TASK TO CARRY OUT => Transcribe exactly the line that contains "Boston cream and" and each line that comes after it in the material, the last line included, and nothing more.

SUPPLIED INFORMATION =>
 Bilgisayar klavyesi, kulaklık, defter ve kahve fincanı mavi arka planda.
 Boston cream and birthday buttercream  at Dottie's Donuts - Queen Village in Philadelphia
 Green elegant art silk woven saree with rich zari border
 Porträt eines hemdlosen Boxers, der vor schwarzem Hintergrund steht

EXERCISE OUTPUT =>
 Boston cream and birthday buttercream  at Dottie's Donuts - Queen Village in Philadelphia
 Green elegant art silk woven saree with rich zari border
 Porträt eines hemdlosen Boxers, der vor schwarzem Hintergrund steht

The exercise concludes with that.